Sedef İnci 60’lı yılların tanınmış dansözlerinden. Siyah, düz uzun saçları var. Bazen o yılların Türk filmlerinde pavyon sahnelerinde görünür. Dayı yakışıklıca, çapkın ve hatta kulamparalığı da olduğu rivayet. Kısa sürede kadına âşık olur. Nişanlanırlar. Ve kıyamet kopar, aileye dansöz bir gelin nasıl gelir, diye. Aslında kimse de pek sorun etmez, kuzeni hariç: Küçük Abdullah. Adı gibi küçücük, incecik bir adam. Sanki üflesen yıkılacak; ama fena halde asabi. Son derece titiz; evdeki muslukları değiştirip ameliyathane musluklarından taktırmış, elini musluğa değdirmemek için. Galatasaray’da işlettiği bir kumarhanesi var. Kahvehane ama kumar oynatıyor. Dayıyla ortaklar. Küçük Abdullah nişanı duyunca çıldırıyor. Heyhat şans eseri o aralar birini vuruyor ve 1-2 yıl ceza alıyor. Böylece aradaki engel de kalkıyor... gibi görünüyor. Bu kez de dayı kararsız kalıyor, belki de Abdullah haklıdır diye. Ya da başka nedenlerle... Evliliği erteliyor. Erteliyor ama Sedef de salak değil. Siktiri çekiyor. Kavga ediyorlar. Akşamüzeri dayı epey bir içiyor, sonra Sedef’e gidip nişan yüzüğünü çıkarıp suratına fırlatıyor. Hikâyenin ilk bölümü burada bitiyor.

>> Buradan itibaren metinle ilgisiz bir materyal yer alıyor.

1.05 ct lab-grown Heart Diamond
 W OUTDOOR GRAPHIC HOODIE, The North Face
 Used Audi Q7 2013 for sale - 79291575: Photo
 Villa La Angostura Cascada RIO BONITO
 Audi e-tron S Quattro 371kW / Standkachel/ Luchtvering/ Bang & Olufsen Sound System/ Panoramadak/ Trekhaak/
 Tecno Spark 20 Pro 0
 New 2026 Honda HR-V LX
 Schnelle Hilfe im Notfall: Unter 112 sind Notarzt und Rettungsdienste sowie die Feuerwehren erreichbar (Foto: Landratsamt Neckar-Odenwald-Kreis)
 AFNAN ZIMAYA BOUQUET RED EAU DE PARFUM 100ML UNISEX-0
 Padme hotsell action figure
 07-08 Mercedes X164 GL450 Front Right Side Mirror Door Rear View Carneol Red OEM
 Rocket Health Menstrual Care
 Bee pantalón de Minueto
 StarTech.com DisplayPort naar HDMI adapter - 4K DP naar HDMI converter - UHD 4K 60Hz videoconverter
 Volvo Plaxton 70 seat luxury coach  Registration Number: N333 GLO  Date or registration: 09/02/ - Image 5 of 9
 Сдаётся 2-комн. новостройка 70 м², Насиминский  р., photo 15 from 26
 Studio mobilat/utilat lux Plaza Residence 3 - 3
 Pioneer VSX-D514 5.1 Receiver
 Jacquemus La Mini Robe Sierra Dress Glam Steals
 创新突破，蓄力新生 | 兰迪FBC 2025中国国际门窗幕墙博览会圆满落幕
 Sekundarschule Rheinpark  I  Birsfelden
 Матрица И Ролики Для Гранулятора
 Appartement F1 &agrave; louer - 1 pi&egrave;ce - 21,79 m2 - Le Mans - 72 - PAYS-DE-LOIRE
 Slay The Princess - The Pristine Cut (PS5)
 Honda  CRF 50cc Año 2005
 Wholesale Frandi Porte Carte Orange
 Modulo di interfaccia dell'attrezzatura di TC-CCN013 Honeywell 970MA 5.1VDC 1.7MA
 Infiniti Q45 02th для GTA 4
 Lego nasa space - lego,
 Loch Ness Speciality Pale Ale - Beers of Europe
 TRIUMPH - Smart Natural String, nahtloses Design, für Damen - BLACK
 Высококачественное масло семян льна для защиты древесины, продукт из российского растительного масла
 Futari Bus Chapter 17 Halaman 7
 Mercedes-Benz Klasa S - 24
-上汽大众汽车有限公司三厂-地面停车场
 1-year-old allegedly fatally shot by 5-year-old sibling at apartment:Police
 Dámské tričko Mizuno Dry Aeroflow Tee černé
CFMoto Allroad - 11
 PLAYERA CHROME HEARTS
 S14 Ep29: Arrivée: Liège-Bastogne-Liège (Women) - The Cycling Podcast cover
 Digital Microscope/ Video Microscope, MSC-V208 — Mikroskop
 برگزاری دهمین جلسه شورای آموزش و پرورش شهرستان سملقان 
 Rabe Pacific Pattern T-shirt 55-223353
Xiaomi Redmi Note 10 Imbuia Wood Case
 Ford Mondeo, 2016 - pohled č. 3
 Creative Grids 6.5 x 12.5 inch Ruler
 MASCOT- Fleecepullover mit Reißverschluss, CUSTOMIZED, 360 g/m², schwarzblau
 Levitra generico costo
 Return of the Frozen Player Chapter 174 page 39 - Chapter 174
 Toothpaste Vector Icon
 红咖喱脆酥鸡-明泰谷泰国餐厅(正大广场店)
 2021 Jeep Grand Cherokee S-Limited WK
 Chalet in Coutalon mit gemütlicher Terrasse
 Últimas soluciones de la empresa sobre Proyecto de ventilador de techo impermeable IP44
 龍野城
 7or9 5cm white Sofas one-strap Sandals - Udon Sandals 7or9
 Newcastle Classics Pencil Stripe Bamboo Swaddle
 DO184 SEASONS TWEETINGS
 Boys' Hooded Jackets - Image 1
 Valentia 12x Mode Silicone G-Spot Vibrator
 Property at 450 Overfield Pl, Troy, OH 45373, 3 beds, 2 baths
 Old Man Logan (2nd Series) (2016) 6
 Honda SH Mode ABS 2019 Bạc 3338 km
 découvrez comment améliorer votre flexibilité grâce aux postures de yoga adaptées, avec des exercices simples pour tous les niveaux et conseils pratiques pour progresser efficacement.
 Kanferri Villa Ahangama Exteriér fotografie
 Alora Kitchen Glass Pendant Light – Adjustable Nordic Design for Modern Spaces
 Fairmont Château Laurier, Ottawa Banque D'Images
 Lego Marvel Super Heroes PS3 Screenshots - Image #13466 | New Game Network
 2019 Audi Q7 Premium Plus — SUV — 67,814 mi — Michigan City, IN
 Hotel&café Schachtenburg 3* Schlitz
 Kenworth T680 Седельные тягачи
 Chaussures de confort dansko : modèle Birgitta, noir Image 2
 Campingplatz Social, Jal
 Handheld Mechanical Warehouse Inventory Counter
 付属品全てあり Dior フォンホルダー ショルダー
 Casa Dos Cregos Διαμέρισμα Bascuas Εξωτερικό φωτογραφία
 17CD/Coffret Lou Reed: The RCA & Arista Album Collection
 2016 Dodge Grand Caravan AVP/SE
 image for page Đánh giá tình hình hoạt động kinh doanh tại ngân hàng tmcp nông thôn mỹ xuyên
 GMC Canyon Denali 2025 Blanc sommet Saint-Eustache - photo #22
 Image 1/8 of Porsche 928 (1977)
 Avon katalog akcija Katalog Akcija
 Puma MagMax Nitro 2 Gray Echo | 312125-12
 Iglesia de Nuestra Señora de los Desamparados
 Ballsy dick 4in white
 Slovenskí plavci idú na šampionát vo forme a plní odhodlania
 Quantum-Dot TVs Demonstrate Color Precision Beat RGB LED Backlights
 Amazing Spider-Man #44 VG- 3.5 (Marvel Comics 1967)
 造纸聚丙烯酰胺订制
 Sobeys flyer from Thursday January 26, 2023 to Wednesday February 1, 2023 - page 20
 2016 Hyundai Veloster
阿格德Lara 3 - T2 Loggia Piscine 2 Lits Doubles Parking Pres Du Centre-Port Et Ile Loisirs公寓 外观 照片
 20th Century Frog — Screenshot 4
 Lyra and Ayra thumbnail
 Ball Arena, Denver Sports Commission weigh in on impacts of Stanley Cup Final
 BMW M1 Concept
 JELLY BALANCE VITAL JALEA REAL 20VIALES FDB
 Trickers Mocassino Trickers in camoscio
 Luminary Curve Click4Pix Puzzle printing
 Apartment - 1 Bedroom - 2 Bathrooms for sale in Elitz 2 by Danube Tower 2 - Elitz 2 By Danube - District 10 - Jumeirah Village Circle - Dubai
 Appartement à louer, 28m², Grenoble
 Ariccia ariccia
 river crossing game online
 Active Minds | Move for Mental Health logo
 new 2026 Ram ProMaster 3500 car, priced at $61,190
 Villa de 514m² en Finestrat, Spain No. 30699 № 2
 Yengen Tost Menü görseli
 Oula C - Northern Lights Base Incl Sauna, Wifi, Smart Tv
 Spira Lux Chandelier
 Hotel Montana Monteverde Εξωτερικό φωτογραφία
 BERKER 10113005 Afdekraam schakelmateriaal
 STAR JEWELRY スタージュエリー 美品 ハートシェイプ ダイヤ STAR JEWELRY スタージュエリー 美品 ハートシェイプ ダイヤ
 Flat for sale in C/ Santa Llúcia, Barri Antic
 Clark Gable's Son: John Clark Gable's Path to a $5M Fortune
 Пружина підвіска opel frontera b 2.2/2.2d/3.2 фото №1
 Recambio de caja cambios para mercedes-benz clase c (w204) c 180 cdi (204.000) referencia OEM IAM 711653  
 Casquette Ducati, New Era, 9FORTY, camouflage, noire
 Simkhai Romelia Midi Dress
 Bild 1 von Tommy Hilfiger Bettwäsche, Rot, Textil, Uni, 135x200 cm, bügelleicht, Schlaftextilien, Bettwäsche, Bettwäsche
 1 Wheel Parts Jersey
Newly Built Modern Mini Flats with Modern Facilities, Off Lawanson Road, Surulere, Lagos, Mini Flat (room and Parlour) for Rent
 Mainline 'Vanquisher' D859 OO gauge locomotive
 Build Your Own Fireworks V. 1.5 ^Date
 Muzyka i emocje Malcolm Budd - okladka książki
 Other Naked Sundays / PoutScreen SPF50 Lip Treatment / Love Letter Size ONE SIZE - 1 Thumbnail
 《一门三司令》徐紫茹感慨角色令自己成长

Aradan zaman geçiyor, dayı hâlâ kadına âşık. Gidip özür diliyor, yalvarıyor, olmuyor. Aracılar gönderiyor, nafile. Sonunda ev ahalisinin kadınları çareyi buluyor: Büyü yaptıralım! Böyle şeylere inanmasa da başka çaresi olmadığı için dayı kabul ediyor. Gidiyorlar bir büyücüye. Bunu okuyor, üflüyor, kurşun döküyor büyücü ve kararını veriyor: Pişirilmemiş bir dilim ciğeri aynı anda bir kedi ve köpeğe vereceksiniz, onlar biraz yiyecek; kalanını da sen yiyeceksin. Sevdiğin sana hemen geri dönecek! Buluyorlar bir uyuz köpek sokaktan, bir de kedi. Önce köpeğin önüne koyuyorlar ciğeri, ardından kediyi getiriyorlar... Heyhat kedi kapıyor ciğeri, başlıyor koşmaya. Kovalıyorlar... Ciğer toz toprak içinde; güç bela yakalıyorlar. Bir kısmını bırakıp kalanını da dayıya yediriyorlar. Sonuç: Sedef geri dönmüyor. Dayı başlıyor içmeye. İçtikçe de dağıtmaya... İşte bu dağıtma döneminde Küçük Abdullah hapisten çıkıyor. Bakıyor ki adam hâlâ dansözün peşinde. Kumarhanede işler savsaklanmış. Kavga ediyorlar. Dayı buna küfredince, bu çıkarıyor silahı iki el sayıyor baldırına.
Öğle saati. Dayı eve geldi, sağ bacağı kan içinde. Pantolonunu çıkardılar, cebindeki bozukluklar yamulmuş. İki buçuk liradaki Atatürk kafasını öne uzatmış sanki ne oluyor burada der gibi.
Küçük Abdullah’la ölene dek konuşmadı, Sedef’ten de vazgeçti. 55 yaşında uyuşturucudan öldü.